MARGA PUNDUH, WAKTUINDONESIA – Mantan Ketua Badan Usaha Milik Desa (Bumdes) Desa Tajur Kecamatan Marga Punduh Kabupaten Pesawaran Harpanji diduga menggelapkan dana BUMDes hingga puluhan juta saat menjabat sebagai ketua.
Terkait dugaan korupsi yang dilakukan Harpanji, Bujang Gadis atau Muda-mudi bersama Tokoh Masyarakat Desa Tajur dalam waktu dekat akan melaporkan dugaan korupsi tersebut ke Aparat Penegak Hukum (APH).
Beberapa Tokoh masyarakat dan Muda-mudi Bujang gadis Desa Tajur mengungkapkan adanya indikasi KKN yang dilakukan Harpanji
selaku mantan Ketua Bumdes tahun 2018-2019, semenjak dia menjabat diduga tidak sesuai dengan anggaran yang ada, banyak terjadi penyimpangan dan pelaporan pertanggungjawaban diduga fiktif.
“Untuk diketahui anggaran yang bersumber dari Dana Desa tahun 2018 BUMDES Tajur sebesar Rp100 juta, kemudian tahun 2019 sebesar Rp100 juta,” kata salah satu warga yang juga tokoh masyarakat setempat mewakili masyarakat lainnya, Selasa 28 Juni 2022.
Sementara itu, salah satu perwakilan Muda-mudi Bujang gadis menanyakan kemana anggaran Bumdes tahun 2019 karena anggaran Itu hanya dibelikan salon, keyboard, perahu bekas, kemudian mesin perahu merk Yamaha.
“Kalau dalam perkiraan kami kalau perahu itu paling menghabiskan anggaran antara Rp7 juta sampai Rp8 juta karena itu bekas dan tidak layak pakai di pakai,” ungkapnya.
Dirinya mengatakan, masyarakat Desa Tajur mempertanyakan sisa uang BUMDes karena menurutnya harga barang yang dibeli tidak sesuai dengan anggaran yang dikucurkan pemerintah.
“Sebenarnya kalau mesin baru itu kalau dia 5 PK setengah harga sekarang ini harganya Rp4,3 juta kemudian Rp13 juta untuk pembelian perahu kalau sound sistem kita ambil Rp20 juta dan jumlahnya keseluruhan hanya Rp35 juta, itu kita hitung boros nya pajak segala macam terus sekarang kemana sisanya,” ujar dia.
“itu yang kami cari hingga saat ini tidak ada kejelasan sama sekali dan uang tersebut di kemanakan saya tidak tahu.
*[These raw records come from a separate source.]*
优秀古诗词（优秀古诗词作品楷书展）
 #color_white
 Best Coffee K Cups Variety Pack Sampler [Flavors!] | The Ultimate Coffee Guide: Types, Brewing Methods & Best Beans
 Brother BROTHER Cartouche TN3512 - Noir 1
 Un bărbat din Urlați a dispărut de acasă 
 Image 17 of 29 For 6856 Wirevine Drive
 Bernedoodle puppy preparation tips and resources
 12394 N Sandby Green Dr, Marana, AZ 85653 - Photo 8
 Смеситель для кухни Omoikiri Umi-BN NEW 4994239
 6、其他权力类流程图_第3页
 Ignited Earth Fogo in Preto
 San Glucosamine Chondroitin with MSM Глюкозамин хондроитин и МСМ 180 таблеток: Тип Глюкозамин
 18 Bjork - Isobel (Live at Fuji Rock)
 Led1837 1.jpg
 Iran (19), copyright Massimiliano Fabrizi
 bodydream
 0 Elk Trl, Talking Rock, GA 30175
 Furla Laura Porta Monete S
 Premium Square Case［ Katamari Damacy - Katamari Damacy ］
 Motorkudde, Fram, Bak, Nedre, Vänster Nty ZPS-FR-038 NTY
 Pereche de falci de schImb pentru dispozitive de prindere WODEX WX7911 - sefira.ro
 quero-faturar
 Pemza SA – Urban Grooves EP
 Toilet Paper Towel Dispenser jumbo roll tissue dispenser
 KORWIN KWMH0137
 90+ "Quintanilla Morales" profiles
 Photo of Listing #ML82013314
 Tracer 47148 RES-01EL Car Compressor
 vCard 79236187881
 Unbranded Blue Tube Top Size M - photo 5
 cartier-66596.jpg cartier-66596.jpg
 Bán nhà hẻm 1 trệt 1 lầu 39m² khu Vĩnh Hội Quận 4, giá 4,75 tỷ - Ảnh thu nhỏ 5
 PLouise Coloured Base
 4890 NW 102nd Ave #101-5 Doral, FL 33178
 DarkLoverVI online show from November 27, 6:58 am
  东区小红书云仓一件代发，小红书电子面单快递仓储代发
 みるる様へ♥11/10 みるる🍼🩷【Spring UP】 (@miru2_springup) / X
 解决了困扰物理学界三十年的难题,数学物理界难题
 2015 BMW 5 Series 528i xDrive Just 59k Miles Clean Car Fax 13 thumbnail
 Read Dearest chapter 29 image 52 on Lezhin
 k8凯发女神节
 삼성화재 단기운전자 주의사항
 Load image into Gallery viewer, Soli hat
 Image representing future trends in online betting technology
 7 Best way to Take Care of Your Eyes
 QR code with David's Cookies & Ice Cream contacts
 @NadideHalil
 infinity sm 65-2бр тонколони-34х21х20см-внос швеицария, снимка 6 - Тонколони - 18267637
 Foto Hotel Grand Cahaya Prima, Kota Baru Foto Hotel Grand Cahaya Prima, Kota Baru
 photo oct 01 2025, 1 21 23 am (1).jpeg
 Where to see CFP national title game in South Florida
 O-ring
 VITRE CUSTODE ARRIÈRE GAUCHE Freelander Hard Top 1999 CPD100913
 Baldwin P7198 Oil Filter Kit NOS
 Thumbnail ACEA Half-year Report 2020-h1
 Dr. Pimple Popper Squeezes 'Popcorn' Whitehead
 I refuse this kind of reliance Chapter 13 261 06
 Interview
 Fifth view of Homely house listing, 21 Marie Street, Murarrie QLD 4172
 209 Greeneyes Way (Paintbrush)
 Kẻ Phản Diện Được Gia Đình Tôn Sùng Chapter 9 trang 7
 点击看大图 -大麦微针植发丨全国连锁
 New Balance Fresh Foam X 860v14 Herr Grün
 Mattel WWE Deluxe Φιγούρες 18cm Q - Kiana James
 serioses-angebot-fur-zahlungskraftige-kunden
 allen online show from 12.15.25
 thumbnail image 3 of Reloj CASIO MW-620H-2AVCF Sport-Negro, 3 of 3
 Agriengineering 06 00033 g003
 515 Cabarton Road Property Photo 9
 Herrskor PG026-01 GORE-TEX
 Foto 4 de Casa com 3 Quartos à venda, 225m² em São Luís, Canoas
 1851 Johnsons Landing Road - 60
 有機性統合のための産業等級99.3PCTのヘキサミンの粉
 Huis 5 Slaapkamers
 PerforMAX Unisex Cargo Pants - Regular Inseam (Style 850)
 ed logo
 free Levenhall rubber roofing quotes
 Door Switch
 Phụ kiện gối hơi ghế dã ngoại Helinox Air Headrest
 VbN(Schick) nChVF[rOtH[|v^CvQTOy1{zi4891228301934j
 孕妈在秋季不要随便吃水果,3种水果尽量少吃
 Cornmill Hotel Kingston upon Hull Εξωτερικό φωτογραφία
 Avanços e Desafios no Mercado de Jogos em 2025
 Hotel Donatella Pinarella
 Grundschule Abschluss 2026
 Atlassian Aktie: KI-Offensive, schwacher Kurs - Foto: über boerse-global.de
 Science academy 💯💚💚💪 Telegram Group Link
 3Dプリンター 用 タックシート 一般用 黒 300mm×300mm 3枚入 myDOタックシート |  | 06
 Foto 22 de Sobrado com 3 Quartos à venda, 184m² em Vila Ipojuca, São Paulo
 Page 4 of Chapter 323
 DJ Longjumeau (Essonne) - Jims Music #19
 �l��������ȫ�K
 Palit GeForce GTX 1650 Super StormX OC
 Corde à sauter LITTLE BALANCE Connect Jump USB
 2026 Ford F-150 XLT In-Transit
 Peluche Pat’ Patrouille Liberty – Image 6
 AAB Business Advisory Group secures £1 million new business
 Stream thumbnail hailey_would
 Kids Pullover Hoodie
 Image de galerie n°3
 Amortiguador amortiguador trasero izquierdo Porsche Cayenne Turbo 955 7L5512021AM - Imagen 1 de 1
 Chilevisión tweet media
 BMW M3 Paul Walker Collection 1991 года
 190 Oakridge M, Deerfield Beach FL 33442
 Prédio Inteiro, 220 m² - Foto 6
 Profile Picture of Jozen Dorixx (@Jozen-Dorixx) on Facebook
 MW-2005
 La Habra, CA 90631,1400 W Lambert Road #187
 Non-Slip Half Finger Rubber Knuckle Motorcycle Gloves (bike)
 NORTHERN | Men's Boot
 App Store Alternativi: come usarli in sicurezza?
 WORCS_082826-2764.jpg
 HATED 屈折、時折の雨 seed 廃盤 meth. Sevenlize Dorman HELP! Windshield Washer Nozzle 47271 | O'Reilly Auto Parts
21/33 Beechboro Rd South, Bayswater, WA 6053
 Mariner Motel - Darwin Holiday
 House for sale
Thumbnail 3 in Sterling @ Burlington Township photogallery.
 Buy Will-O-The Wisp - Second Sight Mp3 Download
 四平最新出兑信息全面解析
Dan saya juga siap bila dimintai keterangan oleh APH yang ada di Kabupaten Pesawaran karena itu adalah hak saya sebagai masyarakat,” timpalnya.
Menurutnya, dengan adanya keluhan dari ratusan masyarakat Desa Tajur, pihaknya mendesak APH agar turun ke bawah menyelidiki dugaan korupsi tersebut.